London (June 5, 2006)–The 2-LP concept rock album, The War of the Worlds was released nearly 30 years ago, but it’s now the basis for a touring theater show in the UK. Making the mammoth production happen are three DiGiCo D5 Live mixing desks and a full surround Meyer Sound loudspeaker system.
The War of the Worlds engineers, Richard Sharratt (left) and Gary Langan, with one of the tour’s three DiGiCo D5 Live desks.Gary Langan is in charge of the master FOH console, while Richard Sharratt controls the the second FOH desk and Robin Fox sits at monitors, each with their own desk. “As a sound engineer, there’s no way I would have attempted this without some sort of digital help,” said Langan. Langan’s main D5 features 48 tracks of playback and 48 live band inputs, while Sharratt’s handles 48 string mics and eight vocal mics which then ‘subs’ into the master D5 and outputs through the matrix to the main loudspeaker system.
“The show demands that we mix certain elements in 5.1 surround but keep other parts just in the stereo domain,” said Ali Viles, system tech. “So on D5 we have the ability to route to the main left/right and also route to a multi channel buss, making it possible to move things in a 5.1 scenario around the arena. It sometimes feels like we are mixing two shows in multiple formats at the same time on one DiGiCo console. Meanwhile, The monitor D5 takes an analogue split of the inputs. Robin is taking full advantage of the D5’s power as well–he’s running 112 inputs and there’s loads of onboard effects stuff going on, so he’s pretty busy.”
One of the requirements for the tour was that a multitrack recording should be made of each show. At the end of the tour, Langan returned to the studio to mix a DVD of the tour and wanted to have a selection of different takes to choose from. Production had booked a sound mobile as part of the DVD shoot at Wembley, but Langan wanted even more options available to him.
The re-mastering of the original album, and all subsequent work on the project, has been done in Pro Tools, so that was the format they wanted the daily recordings to be supplied in.

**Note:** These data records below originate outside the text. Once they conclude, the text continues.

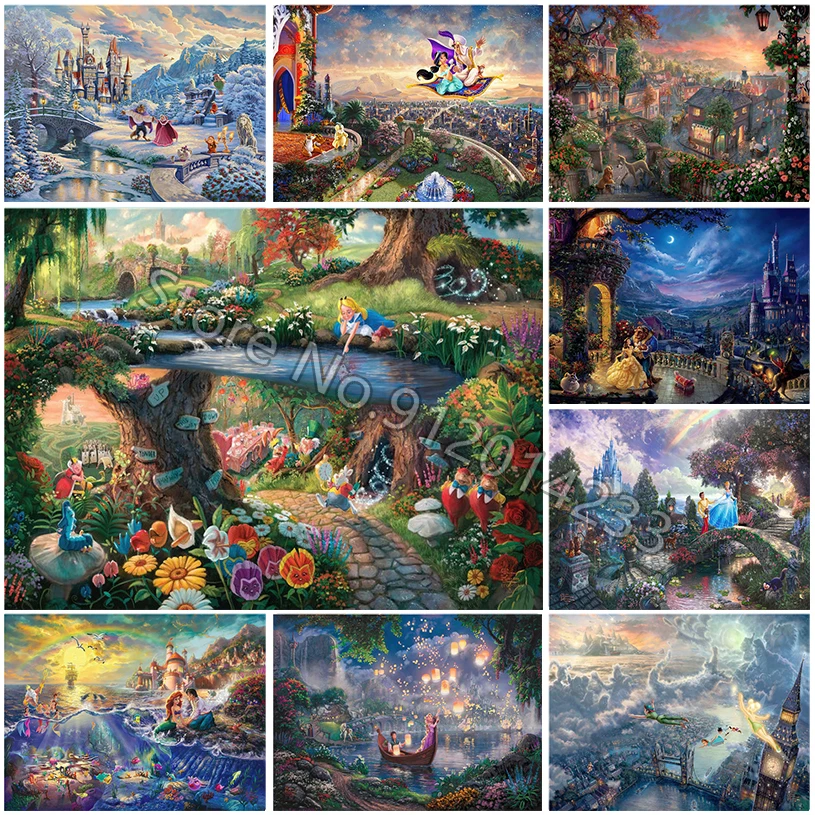 Disneyland Elmas Boyama Disney Prenses Kale Alice İn Wonderland Elmas Nakış Dıy 5D Tam Matkap Mozaik Çapraz Dikiş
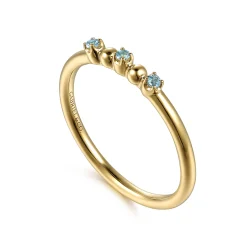 New Gabriel & Co. 14K Yellow Gold Bujukan Ball and Blue Topaz Stackable Ring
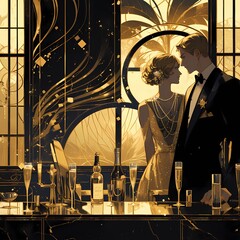 Luxurious Celebration: A Couple Shares a Romantic Moment at an Exclusive Art Deco-Inspired Event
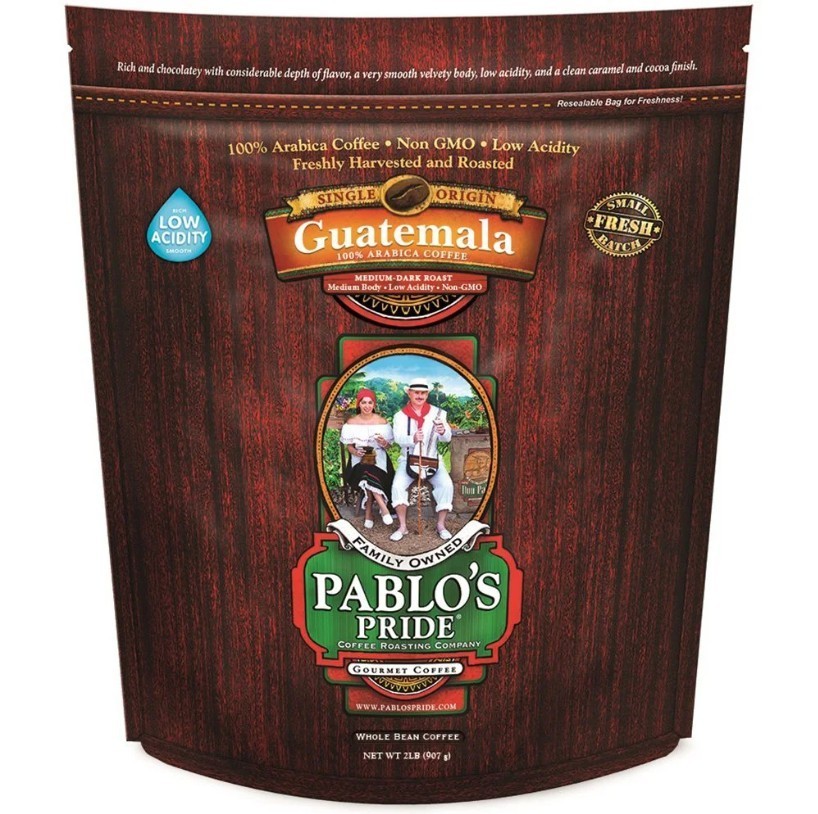2 Packs Pablo’s Pride Gourmet Guatemala Whole Bean Coffee Medium-Dark Roast 32oz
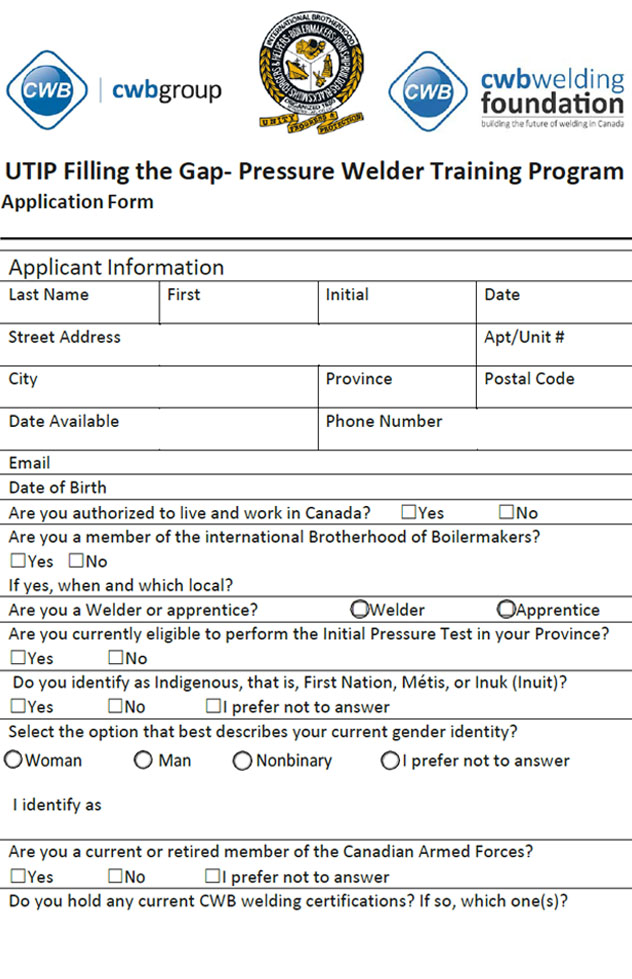 pressure welder application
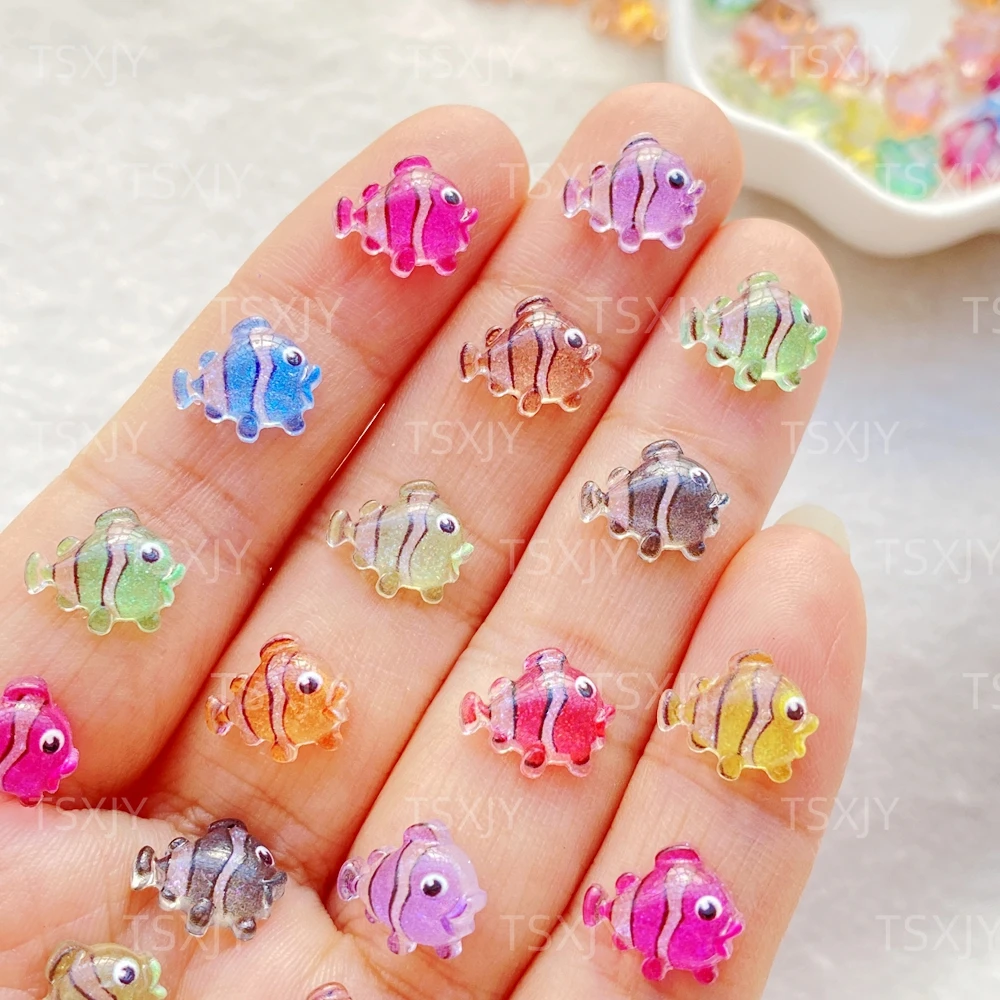 50Pcs Cute Mini Cartoon Ocean New Shining Little Fish Nail Art Resin Designer Charms DIY Craft For Nail 3D Decorations Jewelry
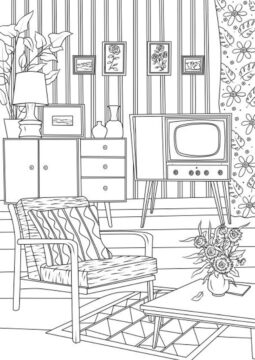 Dibujo de Sala de Estar Retro para Colorear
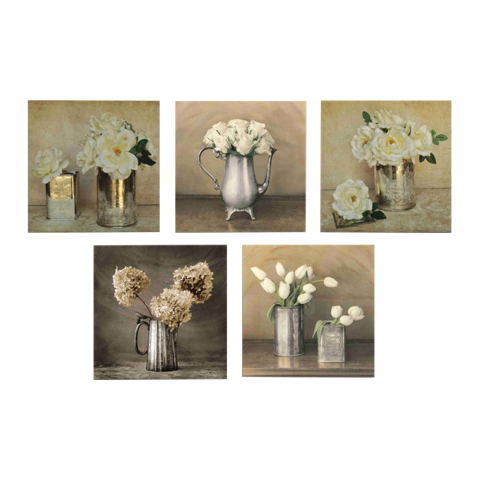 Decoratiuni - CANVAS FIVE PIECES MDF ROMANTIC FLOWERS HM7205.02 75X0,3X15 cm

Viles reported, “We put together a Pro Tools HD system that enabled us to record 56 inputs direct from the D5’s MADI stream, whilst also recording another 16 buss outputs from the D5 Live via AES/EBU. The system slaved to the show’s time code and virtually ran itself each night, recording several hours of multi track audio per show. The Pro Tools recordings have dropped seamlessly back into our original session in a way that the material from the sound mobile did not.”